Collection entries
· · · · · · ·
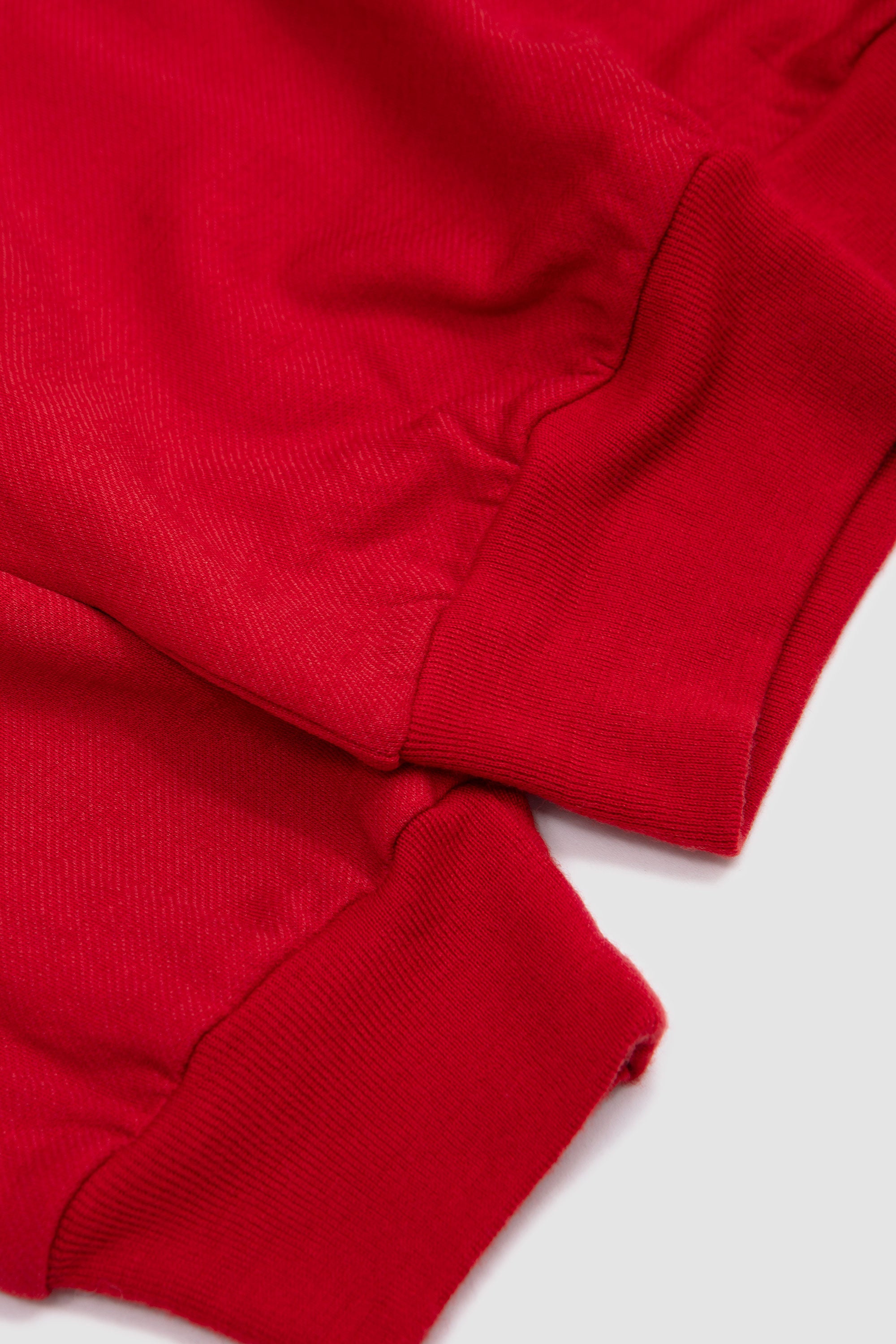 Light Wool Sweat Half Zip Red
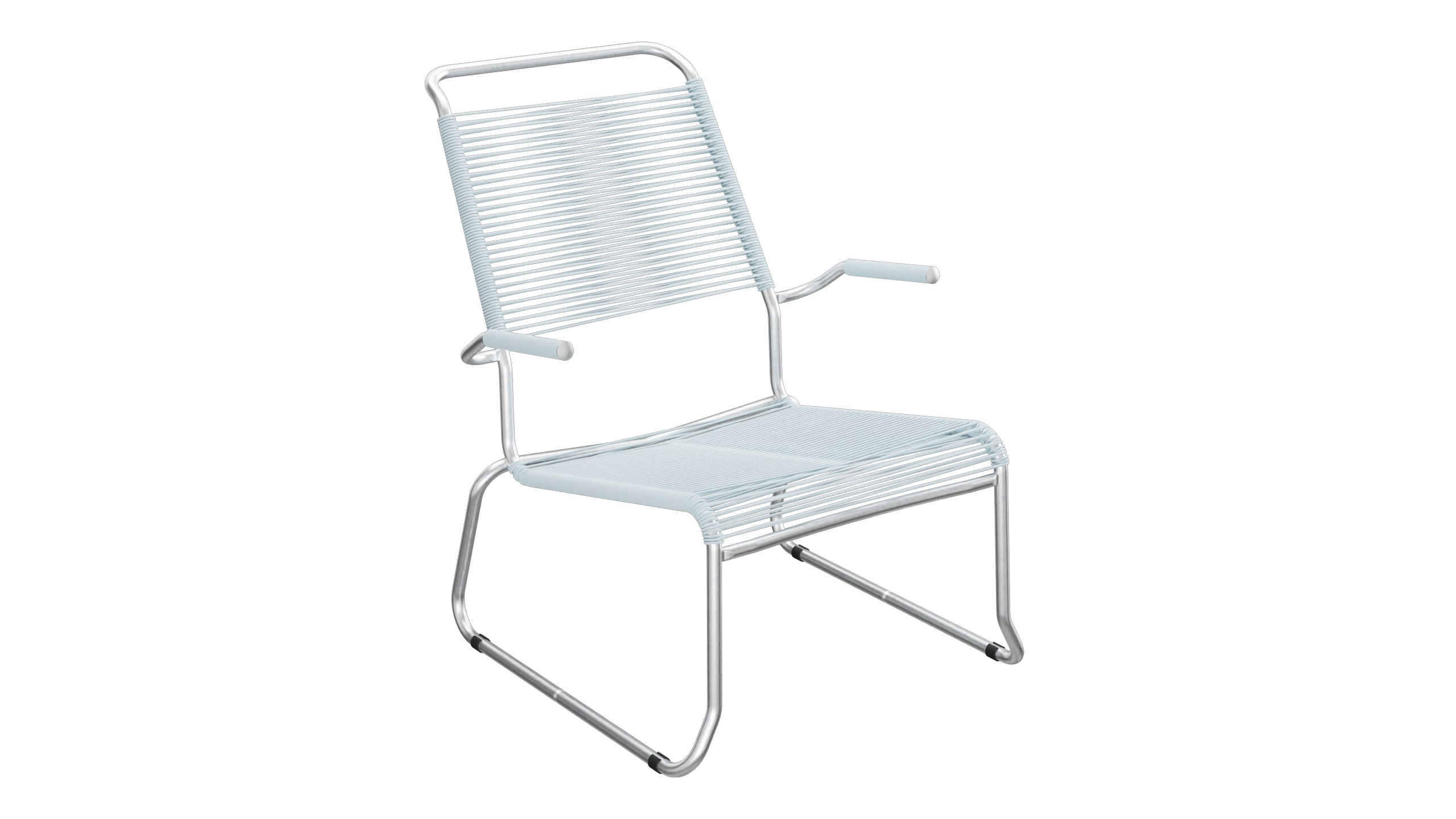 Säntis Spaghetti-Lounger mit Armlehne Hochlehner Kufen in Pastellblau präsentiert im Onlineshop von KAQTU Design AG. Outdoor-Sessel mit Armlehnen ist von Schaffner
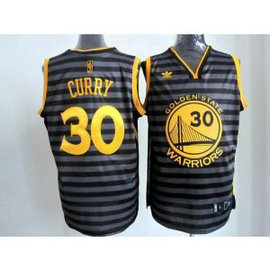 NBA Warriors 30 Stephen Curry Black Grey Groove Men Jersey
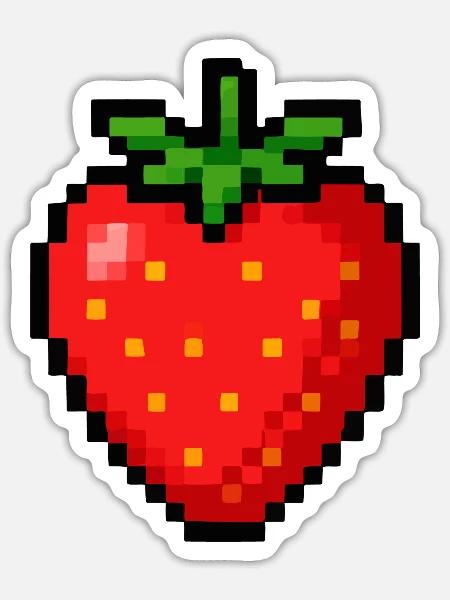 Pixel-Erdbeere mit Neon-Grünen Blättern - Sticker Größe S (10 x 10 cm) - Mattweiß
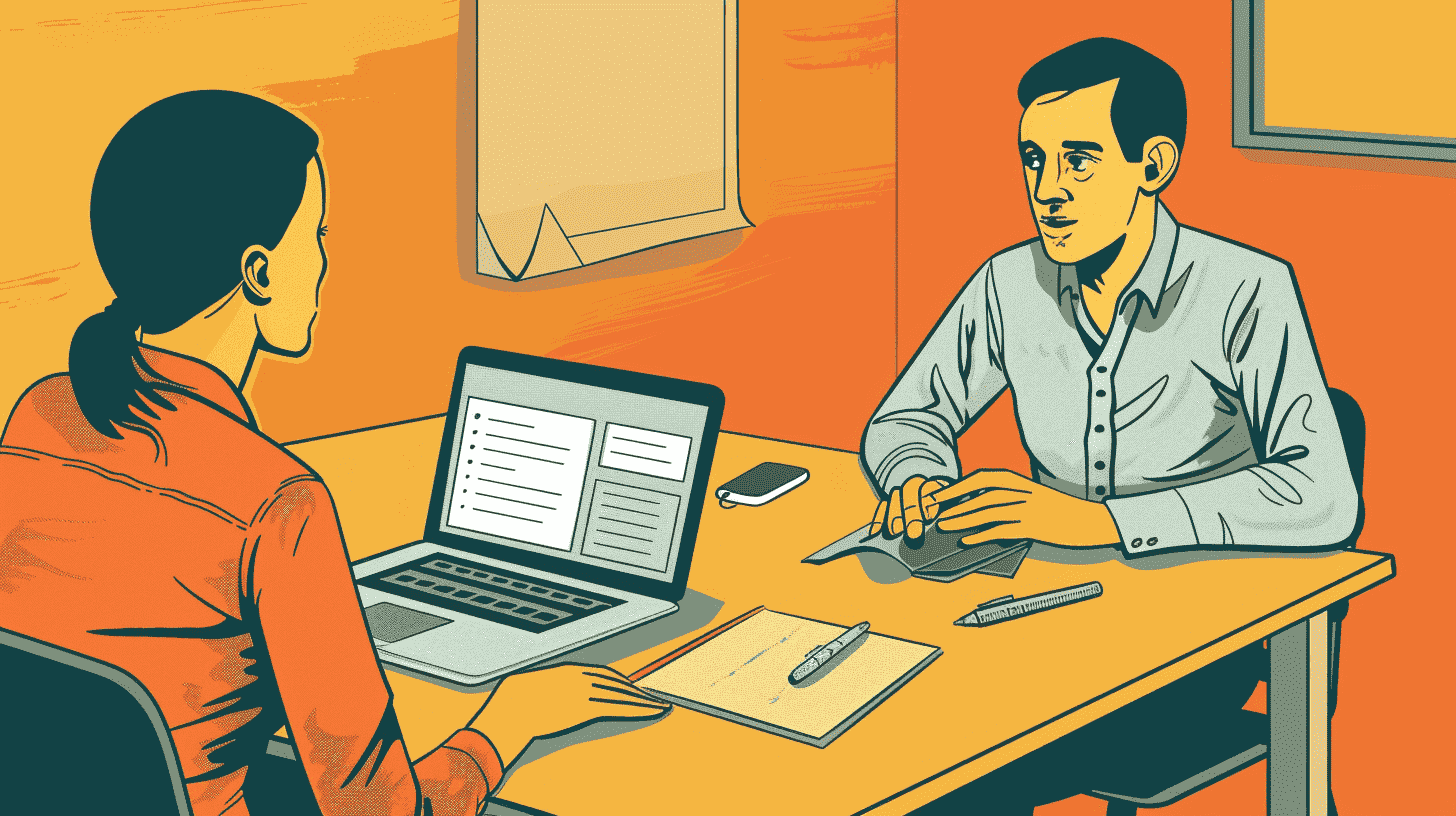 Illustration of a manager and an employee talking across a desk with a laptop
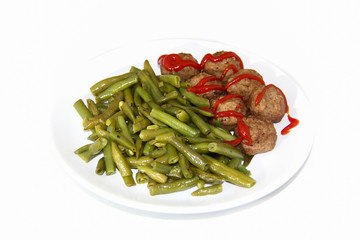 Swedish meatballs with green beans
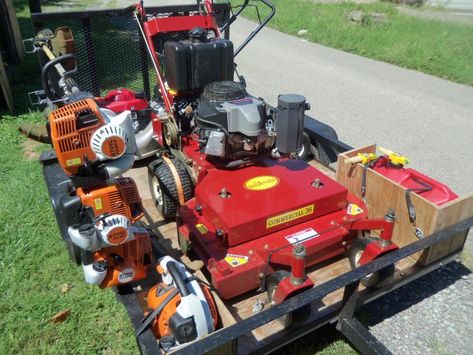 Lawn Care Trailer Setup, Trailer Workshop, Lawn Trailer, Lawn Striping, Canopy Camping, Ute Canopy, Landscape Trailers, Lawn Mower Trailer, Mobile Workshop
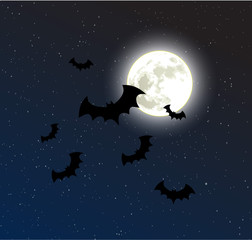 Bats flying over the starry night and full moon vector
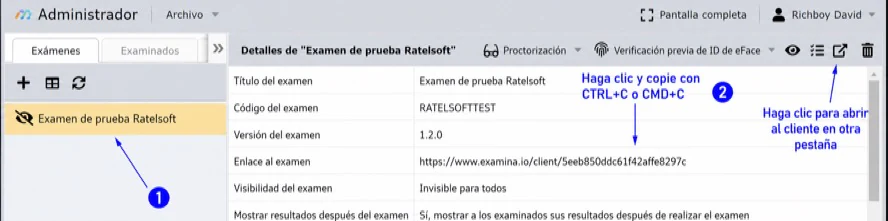 Encuentra el enlace del examen en Manager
· · · · · · ·
→ **EXERCISE AIM**: Every line of the records above should be reproduced exactly, with no pictures included.

→ **RESPONSE TO THE TASK**:
 Light Wool Sweat Half Zip Red
 Säntis Spaghetti-Lounger mit Armlehne Hochlehner Kufen in Pastellblau präsentiert im Onlineshop von KAQTU Design AG. Outdoor-Sessel mit Armlehnen ist von Schaffner
 NBA Warriors 30 Stephen Curry Black Grey Groove Men Jersey
 Pixel-Erdbeere mit Neon-Grünen Blättern - Sticker Größe S (10 x 10 cm) - Mattweiß
 Illustration of a manager and an employee talking across a desk with a laptop
 Swedish meatballs with green beans
 Lawn Care Trailer Setup, Trailer Workshop, Lawn Trailer, Lawn Striping, Canopy Camping, Ute Canopy, Landscape Trailers, Lawn Mower Trailer, Mobile Workshop
 Bats flying over the starry night and full moon vector
 Encuentra el enlace del examen en Manager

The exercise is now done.